Definisi peran telah berubah sebagai hasil dari perubahan ekonomi dan gerakan
kebebasan kaum perempuan. Perempuan telah mencapai keseimbangan posisi dengan
laki-laki dalam bidang pendidikan, makin banyak yang menjadi pekerja, dan jumlah
perempuan yang mempunyai sedikit atau bahkan tidak mempunyai anak sama sekali
semakin meningkat. Selama masa kanak-kanak, khususnya pada golongan menengah
ke atas, cenderung tidak lagi mengacu pada perbedaan karakter agresi dasar pada
laki-laki, perempuan, ketergantungan, dan pencapaian. Karena perempuan berubah,
diperlukan adanya perubahan dalam peran penunjang laki-laki. (Wong,2008)
2.1.1. Persiapan untuk masa menjadi orang tua
Tujuan dasar menjadi orang tua adalah meningkatkan daya tahan fisik dan
kesehatan anak, mengembangkan keterampilan dan kemampuan yang penting agar
dapat menjadi orang dewasa yang mandiri, dan membantu mengembangkan
kemampuan perilaku untuk memaksimalkan nilai-nilai budaya dan kepercayaan.
Walaupun demikian, orang tua baru memiliki peran sabagai orang tua dengan
pengalaman yang sedikit dan pengetahuan yang kurang memadai, walaupun tidak ada
tugas yang sebanding dengan membesarkan seorang manusia, dalam konsekuensi
secara keseluruhan. (Wong,2008)
Orang tua mereka sendiri mungkin merupakan satu-satunya orang yang di
observasi oleh orang tua baru secara saksama dalam peran orang tua. Orang tua
membesarkan anak mereka dengan cara yang hamper sama seperti mereka terdahulu
di besarkan.
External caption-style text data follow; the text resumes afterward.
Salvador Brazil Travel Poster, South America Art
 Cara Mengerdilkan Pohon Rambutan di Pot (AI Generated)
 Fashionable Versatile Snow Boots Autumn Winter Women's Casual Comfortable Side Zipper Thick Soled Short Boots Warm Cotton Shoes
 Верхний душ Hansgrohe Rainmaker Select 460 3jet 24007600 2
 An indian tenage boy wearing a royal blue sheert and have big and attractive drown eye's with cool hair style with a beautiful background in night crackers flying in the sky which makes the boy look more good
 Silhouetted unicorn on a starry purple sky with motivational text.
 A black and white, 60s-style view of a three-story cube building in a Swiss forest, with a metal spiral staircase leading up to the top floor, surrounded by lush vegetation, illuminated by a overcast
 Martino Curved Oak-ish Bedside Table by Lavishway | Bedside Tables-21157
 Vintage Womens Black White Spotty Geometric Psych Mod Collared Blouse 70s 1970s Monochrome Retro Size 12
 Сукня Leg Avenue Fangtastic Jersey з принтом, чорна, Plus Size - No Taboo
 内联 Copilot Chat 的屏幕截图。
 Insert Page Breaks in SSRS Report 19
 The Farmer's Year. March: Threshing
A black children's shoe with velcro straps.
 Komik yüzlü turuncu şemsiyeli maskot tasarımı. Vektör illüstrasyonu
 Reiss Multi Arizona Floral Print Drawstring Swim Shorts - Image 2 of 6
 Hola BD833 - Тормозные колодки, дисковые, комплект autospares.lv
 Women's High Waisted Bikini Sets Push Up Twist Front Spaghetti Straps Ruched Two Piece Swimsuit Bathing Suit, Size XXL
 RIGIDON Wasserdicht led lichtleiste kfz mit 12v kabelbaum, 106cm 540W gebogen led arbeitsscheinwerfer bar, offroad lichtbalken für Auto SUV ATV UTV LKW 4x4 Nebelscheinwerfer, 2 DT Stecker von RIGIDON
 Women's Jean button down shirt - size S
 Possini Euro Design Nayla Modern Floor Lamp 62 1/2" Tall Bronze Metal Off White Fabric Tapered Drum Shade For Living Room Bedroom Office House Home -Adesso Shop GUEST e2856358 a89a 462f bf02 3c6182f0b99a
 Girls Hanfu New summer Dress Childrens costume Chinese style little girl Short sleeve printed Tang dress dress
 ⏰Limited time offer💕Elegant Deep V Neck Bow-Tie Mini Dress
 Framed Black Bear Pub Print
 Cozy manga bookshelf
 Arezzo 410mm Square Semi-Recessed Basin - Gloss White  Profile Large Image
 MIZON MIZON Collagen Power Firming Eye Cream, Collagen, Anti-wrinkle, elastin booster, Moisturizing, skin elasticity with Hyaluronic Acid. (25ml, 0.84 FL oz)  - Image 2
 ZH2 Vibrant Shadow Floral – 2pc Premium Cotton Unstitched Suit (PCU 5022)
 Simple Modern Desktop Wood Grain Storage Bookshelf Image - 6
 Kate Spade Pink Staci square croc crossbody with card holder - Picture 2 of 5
Keterampilan dan pengetahuan penting lain yang perlu diketahi oleh
orang tua agar dapat merasa lebih nyaman dalam peran sebagai orang tua meliputi
pemahaman dasar tentang pertumbuhan dan perkembangan masa kanak-kanak,
mandi, memberi makan, penggunaan mainan, dan keterampilan interpersonal.
(Wong,2008)
2.1.2. Faktor orang tua yang memengaruhi transisi ke masa menjadi orang tua
1. Usia orang tua
Usia yang paling memuaskan untuk membesarkan anak adalah antara
18 dan 35 tahun. Selama waktu ini orang tua dianggap berada pada
kondisi kesehatan yang optimum, dengan perkiraan usia harapan hidup
yang memungkinkan waktu yang cukup dan memadai untuk
membangun sebuah keluarga. (Wong,2008)
2. Keterlibatan ayah
Praktik saat ini yang mendorong interaksi awal ayah-bayi yang telah
mengindikasikan bahwa ayah tampak memiliki ketertarikan terhadap
bayi mereka. Bahkan ayah yang memiliki kontak awal yang lebih
sedikit dengan bayi mereka yang baru lahir akan menjadi lebih terlibat
dengan bayinya pada beberapa bulan kemudian, walaupun tipe
interaksinya berbeda dengan yang dilakukan oleh ibu. (Wong,2008)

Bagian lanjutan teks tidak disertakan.